PROBLEM REQUIREMENTS: The copy you produce must repeat each record exactly and contain no pictures.

Start of Block

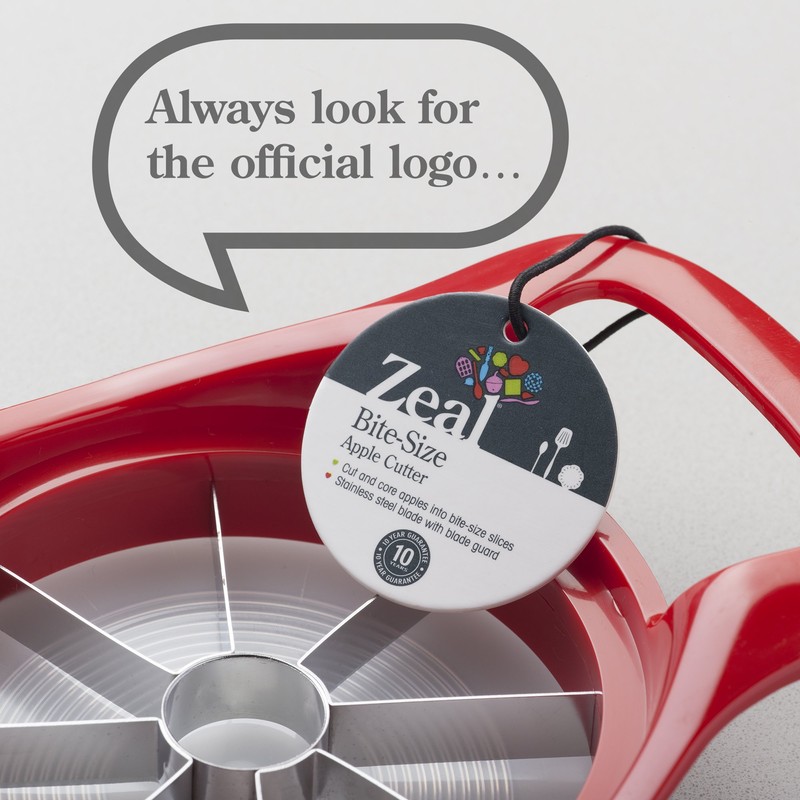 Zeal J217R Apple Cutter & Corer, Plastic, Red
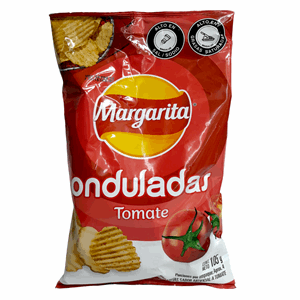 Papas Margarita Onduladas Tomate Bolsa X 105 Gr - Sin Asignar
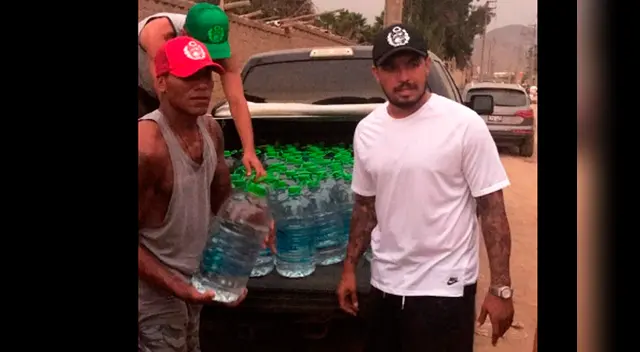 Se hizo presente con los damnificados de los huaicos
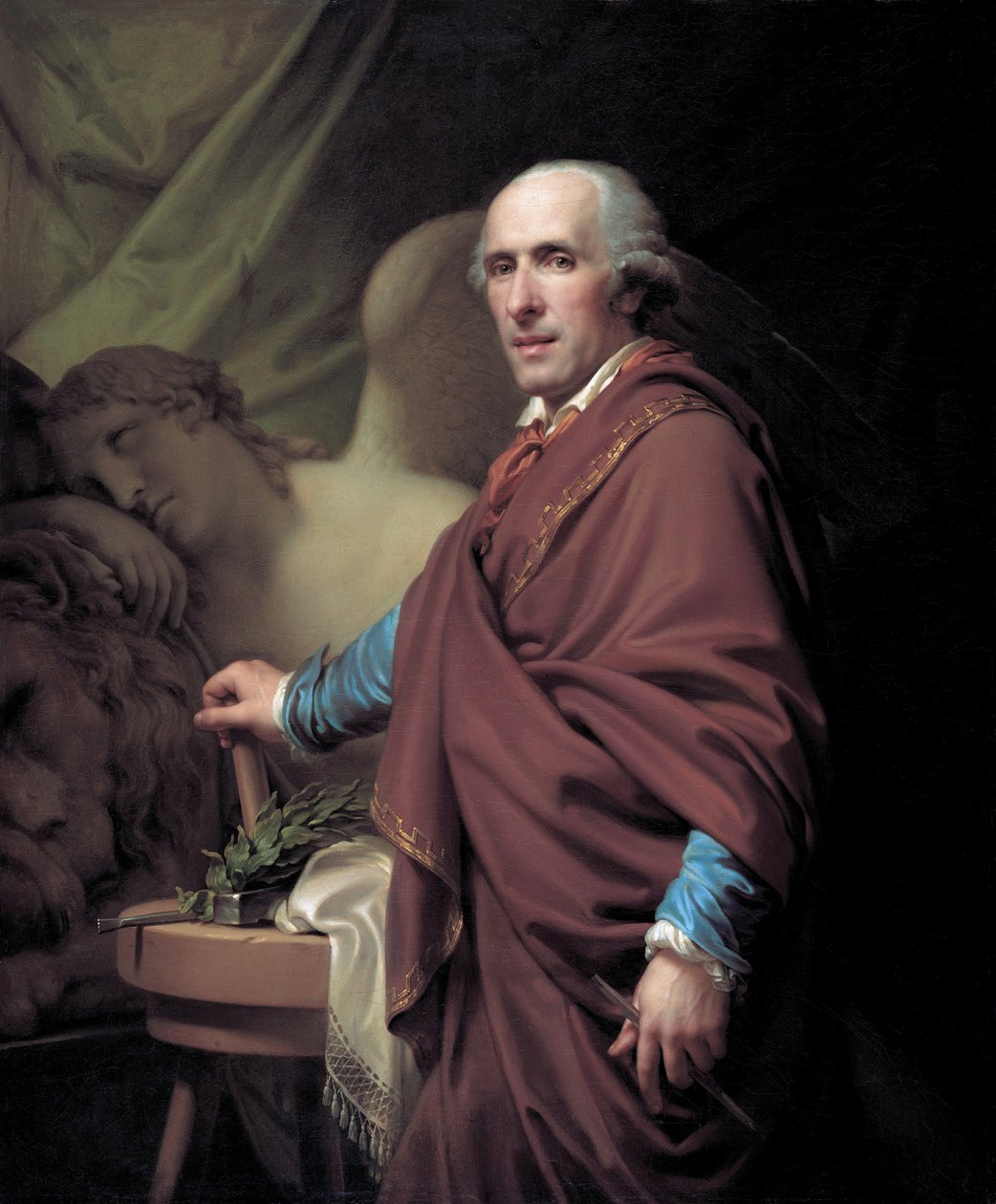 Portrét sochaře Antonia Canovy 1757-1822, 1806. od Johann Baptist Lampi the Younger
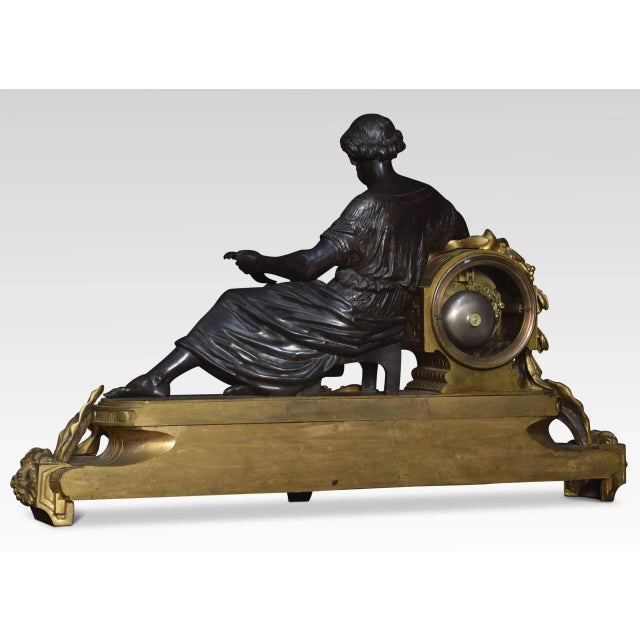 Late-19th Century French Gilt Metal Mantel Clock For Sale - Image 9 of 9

End of Block

RESULT OF THE TASK:
 Zeal J217R Apple Cutter & Corer, Plastic, Red
 Papas Margarita Onduladas Tomate Bolsa X 105 Gr - Sin Asignar
 Se hizo presente con los damnificados de los huaicos
 Portrét sochaře Antonia Canovy 1757-1822, 1806. od Johann Baptist Lampi the Younger
 Late-19th Century French Gilt Metal Mantel Clock For Sale - Image 9 of 9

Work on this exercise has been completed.